Use all DTensor for Qwen3 and llama4 through TP region #2149

wwwjn · 2025-12-12T22:37:14Z

Numerics: (Thanks for @fegin's script: python scripts/loss_compare.py main qwen3-dtensor --baseline-config=torchtitan/models/qwen3/train_configs/qwen3_0.6b.toml --baseline-ngpus=8 --test-ngpus=8 --baseline-options='--parallelism.tensor_parallel_degree=2' --test-options='--parallelism.tensor_parallel_degree=2')

wwwjn · 2025-12-12T22:42:09Z

If this change looks good, I will go ahead and change TP plan of deepseek_v3, llama3, llama4

tianyu-l

nice, it seems it failed with MoE. Could you try to adjust MoE so that only the boundaries (input and output) are DTensor? We can discuss if you hit issues.

wwwjn · 2025-12-12T23:47:40Z

nice, it seems it failed with MoE. Could you try to adjust MoE so that only the boundaries (input and output) are DTensor? We can discuss if you hit issues.

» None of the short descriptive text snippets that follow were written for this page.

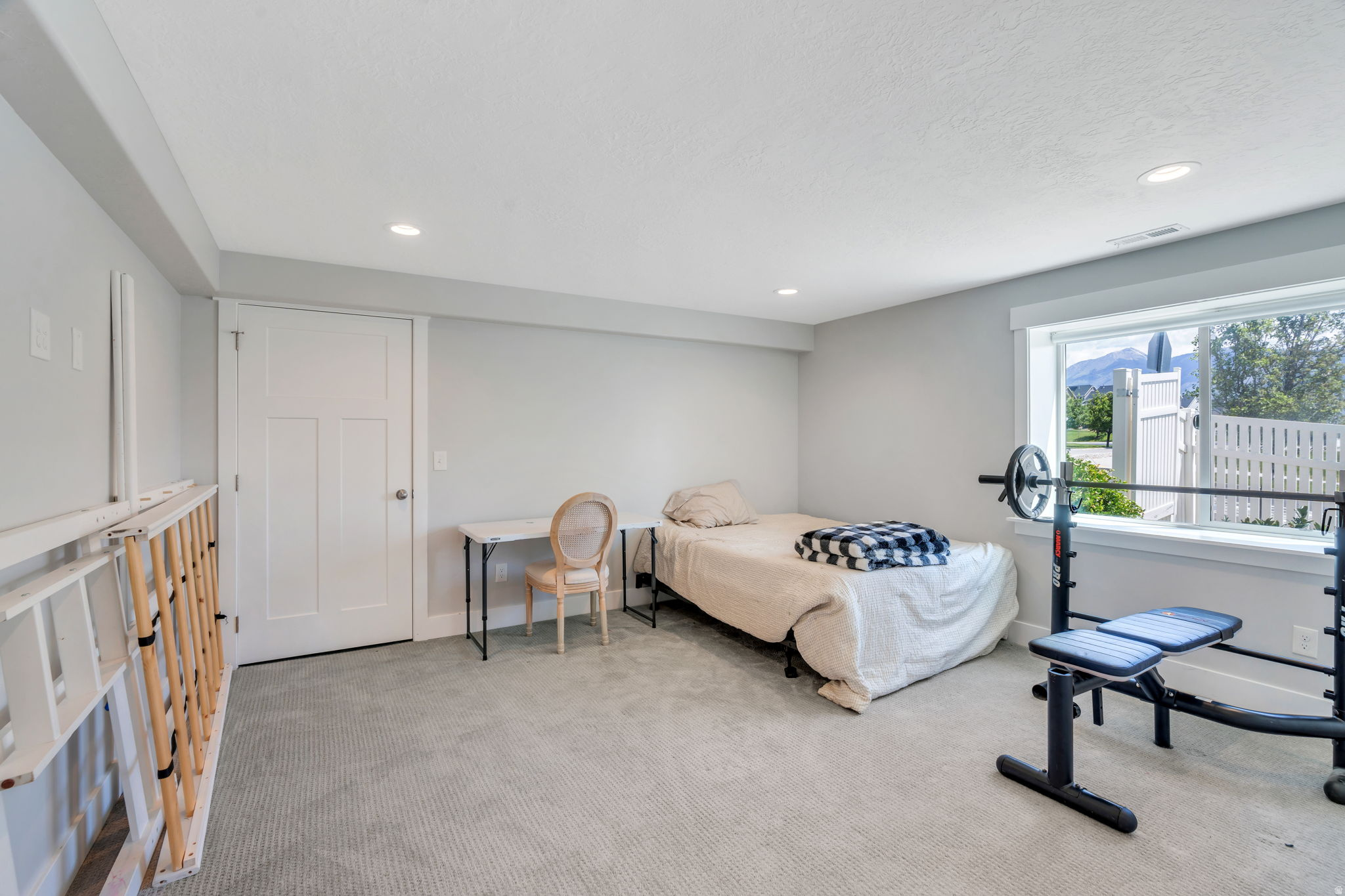 CANYON HILLS - Residential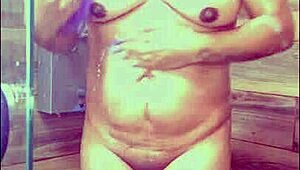 me pongo caliente y termino con un rico orgasmo en la ducha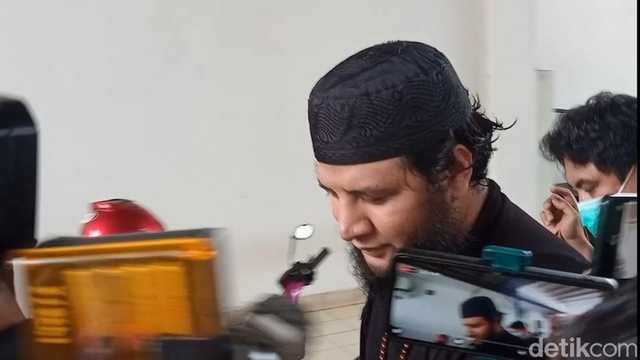 Ammar Zoni Jual Narkoba di Penjara: Sidang Perdana Ungkap Modus Komunikasi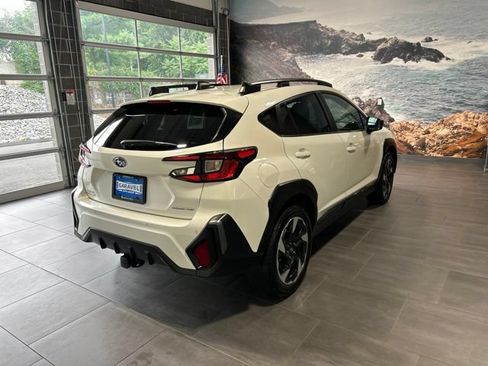 Used 2024 Subaru Crosstrek 2.5i Limited AWD/4WD image 39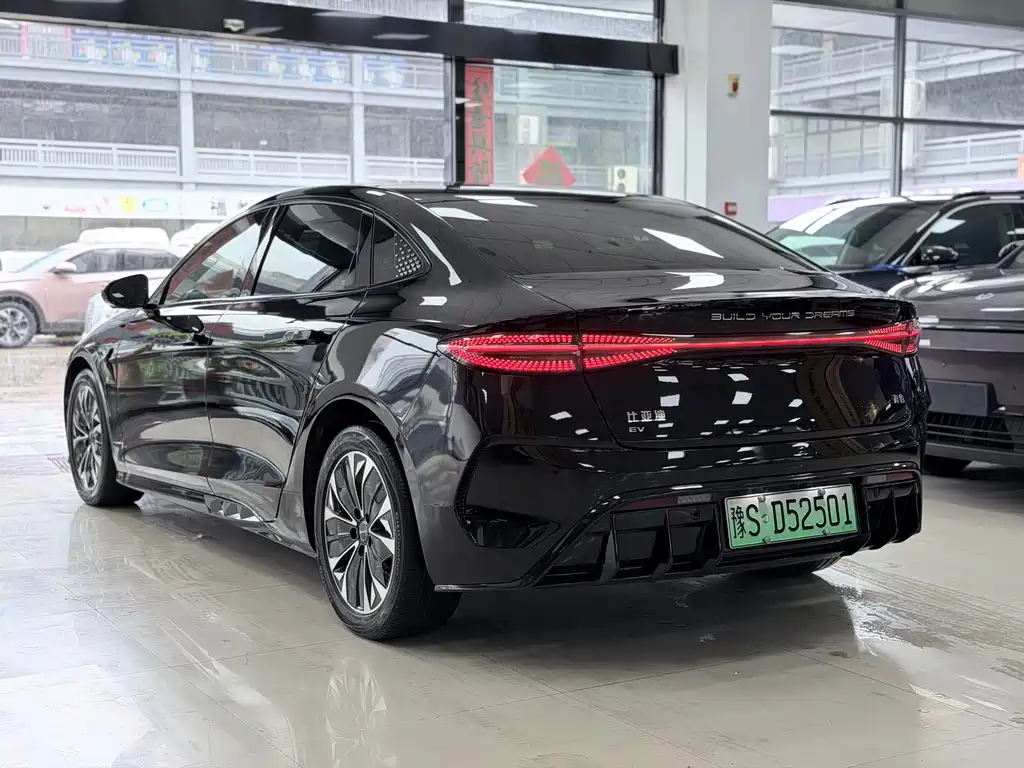 BYD Seal — фото 4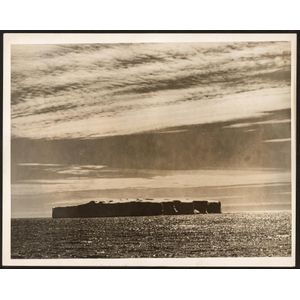 The B.A.N.Z. Antarctic Expedition: Official original photograph…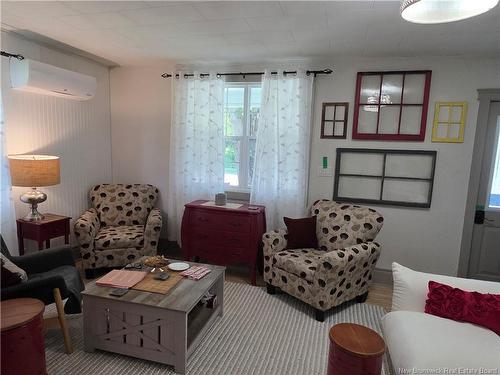 35 Queen West St, Saint Stephen, NB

Updated! As qwen3 and llama4 share the apply_moe_ep_tp function, I updated llama4 TP plan together in this PR

tianyu-l · 2025-12-13T00:40:14Z

test didn't pass

wwwjn · 2025-12-13T00:49:54Z

test didn't pass

Updated dsv3 as well - Because dsv3 reused llama4 apply_moe_ep_tp.

Run loss comparison on dsv3 and qwen3 as well, they both passed.

tianyu-l · 2025-12-13T00:54:01Z

Could you also modify the test_generate script in torchtitan to use sp instead of no-sp?

Btw, I think FlexAttention doesn't work with DTensor yet. Is your PR only enforce DTensor in SP regions (norm) but not TP regions (embedding, attention, mlp)? Specifically, have you tried your change with FlexAttn?

wwwjn · 2025-12-13T01:04:15Z

Is your PR only enforce DTensor in SP regions (norm) but not TP regions (embedding, attention, mlp)? Specifically, have you tried your change with FlexAttn?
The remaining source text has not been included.